2.4 KiB
Root Cause Analysis: Asynchronous Lisp Repair Syntax Gate
- Executive Summary
- 1. Issue: Core Bloat & Synchronous Coupling
- 2. Side-Issue: Nested Signal Payloads
- 3. PSF Mandate Alignment
- 4. Permanent Learnings
Executive Summary
Reimplemented the `org-skill-lisp-repair` to align with the "Sovereign Boundary" mandate. The previously synchronous, core-blocking repair logic has been replaced with an asynchronous, event-driven architecture using the Reactive Signal Pipeline.

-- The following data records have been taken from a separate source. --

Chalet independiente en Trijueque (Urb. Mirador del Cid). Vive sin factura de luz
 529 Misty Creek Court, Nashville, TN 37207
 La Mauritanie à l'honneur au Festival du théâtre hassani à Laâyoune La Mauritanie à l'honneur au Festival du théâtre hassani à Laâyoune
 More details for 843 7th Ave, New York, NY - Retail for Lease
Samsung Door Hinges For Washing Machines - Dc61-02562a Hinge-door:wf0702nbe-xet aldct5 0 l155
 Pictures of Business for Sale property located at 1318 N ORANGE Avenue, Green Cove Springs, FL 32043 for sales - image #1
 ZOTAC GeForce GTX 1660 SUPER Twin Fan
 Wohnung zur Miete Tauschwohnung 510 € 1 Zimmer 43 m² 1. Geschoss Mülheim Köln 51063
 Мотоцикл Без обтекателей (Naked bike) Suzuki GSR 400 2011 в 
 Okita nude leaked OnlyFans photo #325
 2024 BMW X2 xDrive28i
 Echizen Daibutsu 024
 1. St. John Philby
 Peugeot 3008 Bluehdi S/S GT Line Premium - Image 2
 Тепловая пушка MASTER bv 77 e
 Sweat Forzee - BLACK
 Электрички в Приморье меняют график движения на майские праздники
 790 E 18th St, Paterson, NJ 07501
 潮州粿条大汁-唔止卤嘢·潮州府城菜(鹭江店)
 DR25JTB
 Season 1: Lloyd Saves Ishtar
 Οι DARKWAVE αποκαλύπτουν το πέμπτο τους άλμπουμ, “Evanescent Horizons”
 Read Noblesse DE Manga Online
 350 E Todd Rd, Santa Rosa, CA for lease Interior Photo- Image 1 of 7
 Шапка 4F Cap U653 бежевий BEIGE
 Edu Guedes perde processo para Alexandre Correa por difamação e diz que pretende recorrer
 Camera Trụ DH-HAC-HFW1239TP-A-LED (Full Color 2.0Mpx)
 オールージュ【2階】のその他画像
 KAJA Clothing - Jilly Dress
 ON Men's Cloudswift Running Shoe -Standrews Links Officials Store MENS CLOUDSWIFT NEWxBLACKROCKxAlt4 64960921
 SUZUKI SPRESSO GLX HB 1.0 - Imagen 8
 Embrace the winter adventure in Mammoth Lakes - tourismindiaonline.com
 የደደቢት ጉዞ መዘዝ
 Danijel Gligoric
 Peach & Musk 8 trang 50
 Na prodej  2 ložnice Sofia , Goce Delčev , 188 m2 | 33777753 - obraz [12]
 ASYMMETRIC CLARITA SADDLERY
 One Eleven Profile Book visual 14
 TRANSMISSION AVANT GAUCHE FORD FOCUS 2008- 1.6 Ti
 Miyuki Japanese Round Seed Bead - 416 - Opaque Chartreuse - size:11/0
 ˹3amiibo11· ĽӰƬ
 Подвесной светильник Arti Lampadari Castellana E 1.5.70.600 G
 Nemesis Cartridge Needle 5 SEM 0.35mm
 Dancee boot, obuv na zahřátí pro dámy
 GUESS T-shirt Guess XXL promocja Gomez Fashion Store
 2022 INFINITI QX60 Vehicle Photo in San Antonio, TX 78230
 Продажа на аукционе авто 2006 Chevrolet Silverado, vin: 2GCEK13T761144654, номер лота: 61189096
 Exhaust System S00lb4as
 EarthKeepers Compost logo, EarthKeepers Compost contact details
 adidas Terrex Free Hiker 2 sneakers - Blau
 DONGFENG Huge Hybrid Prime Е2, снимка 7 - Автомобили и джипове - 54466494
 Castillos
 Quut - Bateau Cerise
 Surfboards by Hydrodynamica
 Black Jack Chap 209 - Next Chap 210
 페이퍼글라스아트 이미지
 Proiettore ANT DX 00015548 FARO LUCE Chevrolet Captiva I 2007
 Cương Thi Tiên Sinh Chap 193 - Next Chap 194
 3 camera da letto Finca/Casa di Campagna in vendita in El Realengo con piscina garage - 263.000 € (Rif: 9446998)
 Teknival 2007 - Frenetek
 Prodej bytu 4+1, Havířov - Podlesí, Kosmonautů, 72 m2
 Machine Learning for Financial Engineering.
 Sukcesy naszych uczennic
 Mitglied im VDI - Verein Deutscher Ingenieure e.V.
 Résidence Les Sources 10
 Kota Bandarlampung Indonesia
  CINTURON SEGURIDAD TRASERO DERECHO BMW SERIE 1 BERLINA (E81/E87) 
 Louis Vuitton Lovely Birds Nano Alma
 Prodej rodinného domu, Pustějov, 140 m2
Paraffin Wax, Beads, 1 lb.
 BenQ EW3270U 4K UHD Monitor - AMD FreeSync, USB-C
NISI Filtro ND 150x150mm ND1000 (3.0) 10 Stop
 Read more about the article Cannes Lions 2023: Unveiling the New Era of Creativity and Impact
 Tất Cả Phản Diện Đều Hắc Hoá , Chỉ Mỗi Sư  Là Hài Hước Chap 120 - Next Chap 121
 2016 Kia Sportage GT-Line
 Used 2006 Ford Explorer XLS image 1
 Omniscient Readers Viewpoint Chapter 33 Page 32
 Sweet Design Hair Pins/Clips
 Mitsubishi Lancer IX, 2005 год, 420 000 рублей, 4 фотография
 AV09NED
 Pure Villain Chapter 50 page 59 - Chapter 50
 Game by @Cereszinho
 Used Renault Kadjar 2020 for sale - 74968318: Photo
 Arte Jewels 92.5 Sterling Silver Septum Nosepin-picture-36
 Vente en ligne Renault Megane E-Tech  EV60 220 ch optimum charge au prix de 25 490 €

1. Issue: Core Bloat & Synchronous Coupling
Symptoms
The initial implementation of the Lisp Repair gate placed a `handler-case` and a dynamic function call (`repair-lisp-syntax`) directly inside the core `think` function (`neuro.lisp`). This forced the core to wait for repairs and made it "aware" of specific repair logic.
Root Cause
Architectural shortcutting. By placing repair logic in the core execution path, we violated the microkernel principle which mandates that the core should be a "dumb" signal processor.
Resolution
- Refactored Core: `think` now only emits a `:syntax-error` stimulus if parsing fails. It no longer attempts to repair.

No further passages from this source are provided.